"...na słupie ogłoszeniowym wisi informacja na temat Kowalskiego, podszedłem i swoją komórką zrobiłem zdjęcie..."
Nie jestem hackerem, nie włamałem się na stronę banku, na żadną inną stronę też się nie włamałem, nie upubliczniłem tych poufnych danych, użyłem po prostu wyszukiwarki.
Raz na jakiś czas znajduję podobne kwiatki na różnych stronach, najczęściej cicho posyłam maila z informacjami i cieszę się, że mogłem pomóc. Tutaj sprawa była o wiele gorsza, jest to jakby nie patrzeć bank, jego ukrywane błędy, dyletanctwo mogłyby nas wszystkich kosztować ogromną ilość kasy. Należy to napiętnować, żeby za każdym razem jak jakiś programista, webmaster lub project manager wpadnie na pomysł umieszczenia tajnych plików poniżej katalogu głównego webservera wspomni na pomyłkę tego banku. Inna jest skala pomyłki, gdy jest błąd na stronie szkoły podstawowej, a inna gdy błąd popełnia wypełniony kasą, technologią i możliwościami bank. Cieszy mnie to, że coraz większą uwagę zwraca się na problem ochrony danych osobowych, że ludzie pojmują jakie ważne jest chronienie informacji o sobie, swoim życiu i miejscu zamieszkania.

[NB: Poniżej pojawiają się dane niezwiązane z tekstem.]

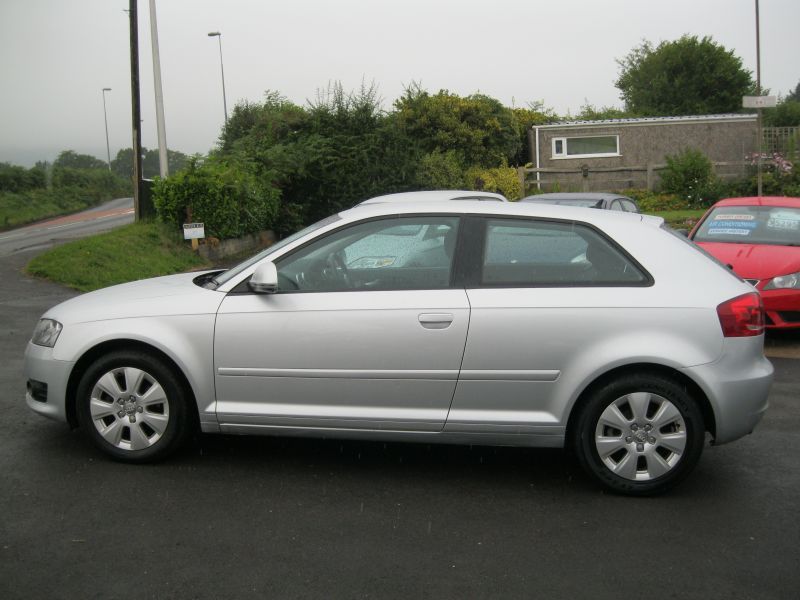 2009 Audi A3 1.9 TDI e SE 3dr image 4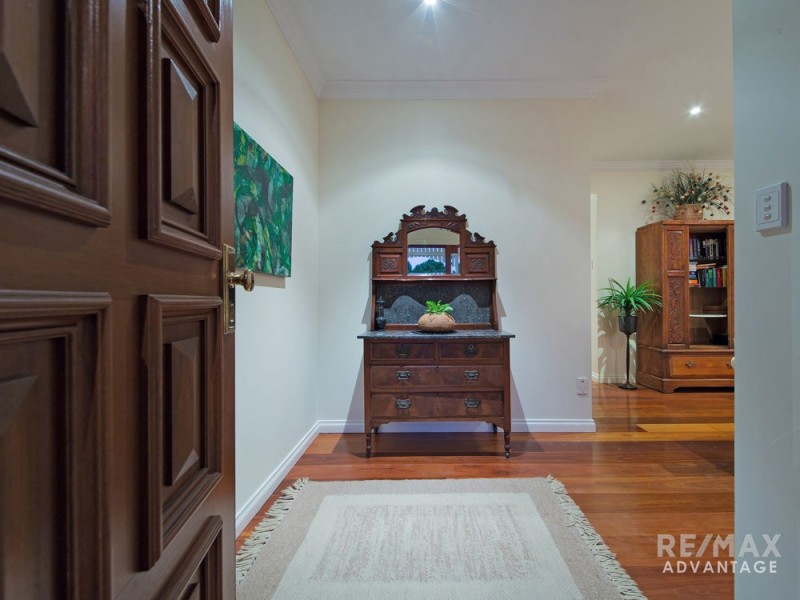 156 Gordon Parade, Manly QLD 4179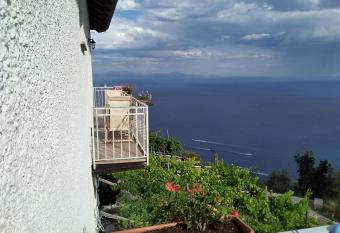 Residence Pizzo Corvo has Balcony rooms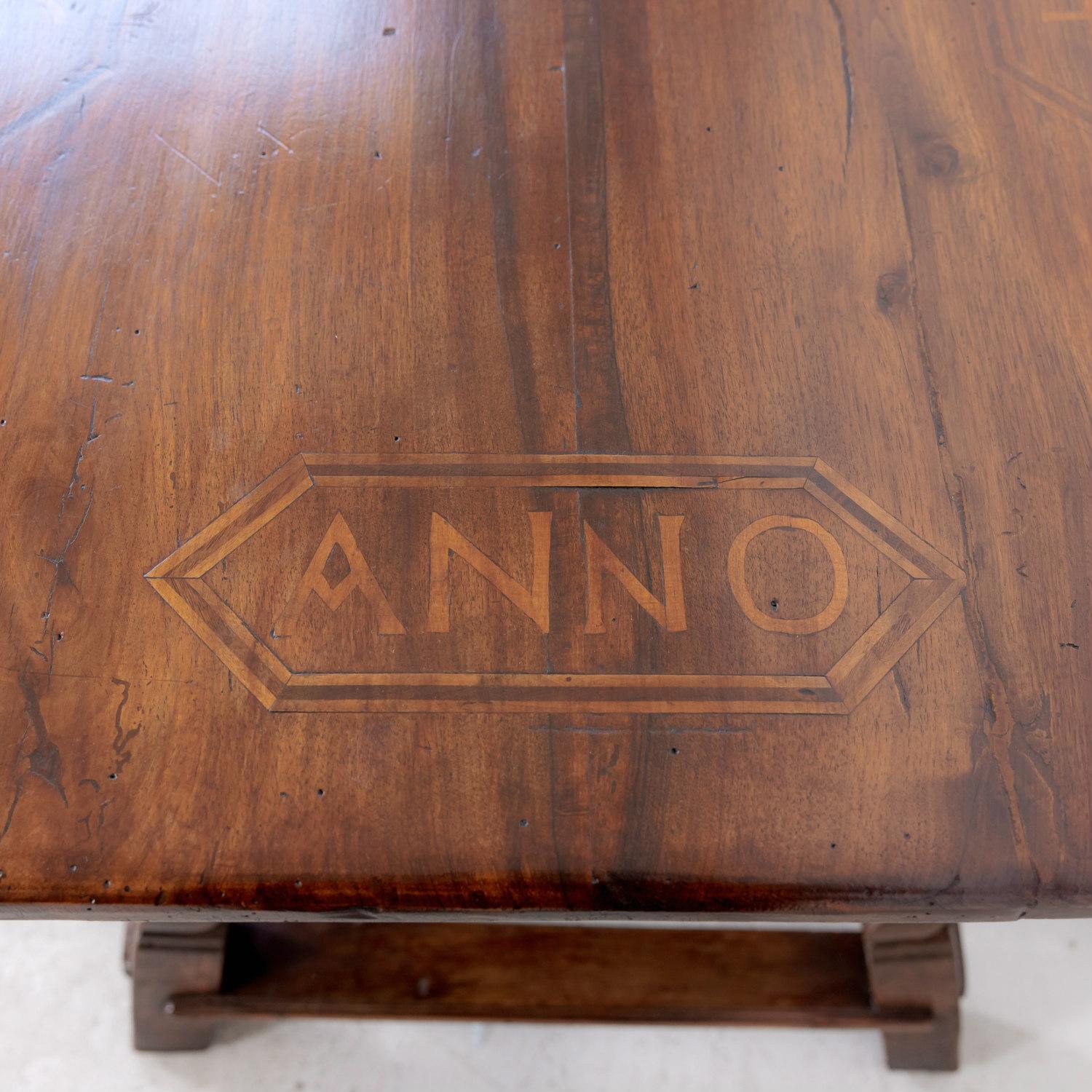 Table d'appoint rustique d'époque baroque espagnole du XVIIIe siècle en vente 2
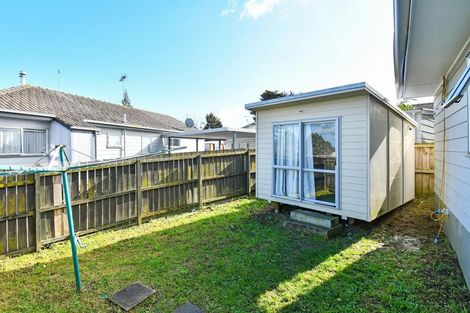 Photo of property in 217 Mahia Road, Wattle Downs, Auckland, 2103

Szkoda, że mentalność dużych firm jest wszędzie taka sama, zamiast przeprosić, straszą internautów pozwami, starając zepchnąć się na kogoś odpowiedzialność za swoje błędy. My internauci też musimy mieć konta w bankach, chcielibyśmy żeby były bezpieczne.
Rozmawiałem dzisiaj z Maciejem Budzichem prowadzącym bloga
blog.mediafun.pl, zwrócił on uwagę na zjawisko ignorowania blogosfery przez wiodące media internetowe. Polityka.pl w swoim
artykule na temat tej wpadki umieściła link do źródła,
Dziennik Internautów zacytował
*. Mnie to szczerze mówiąc nie zdziwiło, nie mam też żalu o to, że takowych linków nie było. Dziwne jedynie jest, że inne źródła są wspominane, a jeśli coś wypływa na blogach są to zawsze anonimowi internauci. Fajną rzeczą jest to, że na innych blogach i serwisach prowadzonych samodzielnie przez ich właścicieli są linki wsteczne. Dobrze, że środowisko szanuje samo siebie, to pierwszy i najważniejszy krok do uznania przez tych większych graczy rynku medialnego.